The property educates visitors on various topics from milking to beekeeping to a city fair that the farm hosted over a century ago.

“There are so many historical treasures in our local communities and I want to raise awareness to those that may not know about them,” Koehler said.

Waupaca Historical Society Director Tracy Behrendt said sometimes local history is underappreciated given the busy lives people have today.

For historical societies, half their battle is letting people know places of interest exist in town, she said.

Waupaca’s Hutchinson House, a Victorian farmhouse, and King Cottage, an early living quarters from the Wisconsin Veterans Home in King, are two popular draws because they are found in South Park, a hotspot for summer recreation, Behrendt said.

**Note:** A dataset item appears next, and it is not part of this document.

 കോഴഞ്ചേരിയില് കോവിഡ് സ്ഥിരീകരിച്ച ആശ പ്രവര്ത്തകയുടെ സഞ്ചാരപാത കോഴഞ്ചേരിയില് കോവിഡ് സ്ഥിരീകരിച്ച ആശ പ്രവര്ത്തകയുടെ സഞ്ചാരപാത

“I get the feeling too that once people know you’re there, and have at least even the smallest interest in where they live and their local history, that they’re certainly more interested in visiting those sites,” Behrendt said.

Another newer stop on the tour is Clintonville’s Four Wheel Drive Museum, which moved to a larger building a couple years ago.

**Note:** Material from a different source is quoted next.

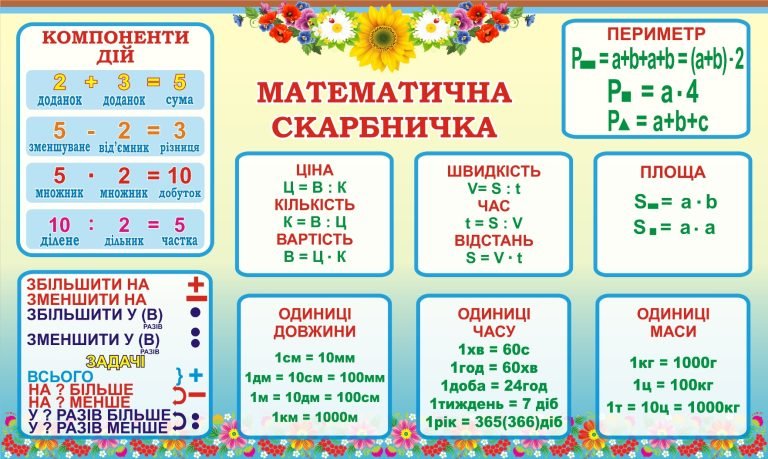 Математична скарбничка: навчайся легко та цікаво!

The showcase of automobiles, military vehicles and memorabilia chronicles the story behind the four-wheel drive transmission system.

“What people need to realize is that FWD here in Clintonville is the birthplace of the first four-wheel drive concept that worked,” said Barbara Koster, FWD Museum coordinator. “There are many others that had patents for four-wheel drive, but they did not work successfully.”

FWD Auto Company built trucks that outperformed others in a 1,100-mile test the U.S. Army held in 1912. The federal government then awarded the company multi-million dollar contracts to manufacture military vehicles.

Military vehicles were decommissioned after wartime and retrofitted for everyday uses from delivery trucks to public transportation, Koster said.

“I just find the history so fascinating,” Koster said. “And I felt people really needed to hear our story, and I felt (the Hometown Historic Tour) was an excellent way to do that.”

Historic Hometown Tour participants

Waupaca: Holly History and Genealogy Center, 321 S. Main St.; Railroad Depot, 525 Oak St.; Hutchinson House and King Cottage (in South Park).

New London: Thern Farm, 425 E. Fairview Drive; Heritage Historical Village, 900 Montgomery St.

Clintonville: Four Wheel Drive Museum, 325 E. 15th St.; Pioneer Park, 32 11th St.; Museum on Main, 102 S. Main St.

Iola: Historic Village and Historical Society Museum, 210 Depot St.

Scandinavia: Historic Street (on Industrial Drive in Memorial Park).

Tigerton: Tigerton Area Historical Society (Swanke Street at Chestnut Street).

Hours vary by site. Check the Thern Farm website for times for all locations before making the drive.